Wait, participating in a competition is not about winning? Yep. That’s what I said. Investors tend to attend the same events across an area. Here in Michigan, there are a dozen or so pitch events that bring out representatives of all the major venture capital and angel capital firms. When I send a client company out on the “pitch trail,” I am trying to get them in front of these investors over and over again. Investors only put money into companies when they know and trust the leadership of those companies. I’ve had some of my client companies tell me, “Pitching at all these events is a waste of time. It’s always the same people and none of them are writing me a check.” I answer, “Exactly!” Every time an investor sees a company pitch and hears about the progress the founders are making, the more trust that investor feels. And the more an investor trusts a company’s leadership, the more likely that investor is to put money in the company one day.
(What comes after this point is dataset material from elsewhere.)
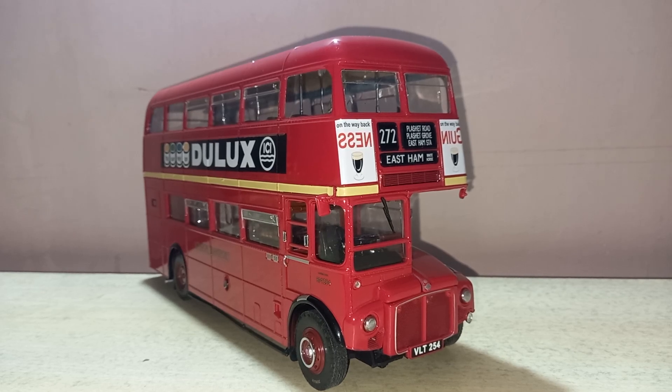Hello everybody, welcome back, this is Sam Miniatures and I'm Sam. Merry Christmas to you! Tonight I'm going to give a review of this massive, weighty 1:24 scale Sunstar London Routemaster double-decker bus — old version. This model has a massive weight of 3.3 kg. It's a very weighty model and I will show you some outstanding details.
And sometimes the rewards of pitching are not investment dollars. Sometimes a CEO pitches at an event and someone in the audience is in a position to offer expertise, connections, or focused advice. My client that won $10,000 the other day not only won the money, but she also exchanged business cards with a female investor who might want to invest in the future and a gentleman who had connections to medical device distributors, a necessary resource she would one day need. Never underestimate the audience at a pitch event. Look for more than just investors. Seek out people who can help you advance your company in other ways.

So, you see, pitching is about more than just winning money. It’s about showing the progress of a company and the leadership capability of the founders. It’s about generating trust and building relationships. It’s about creating buzz and finding resources. Does that mean that the money doesn’t matter? Of course not! Every little but helps. Pitch to win, but don’t focus on winning so much that you lose sight of the other riches that might be sitting right in front of you.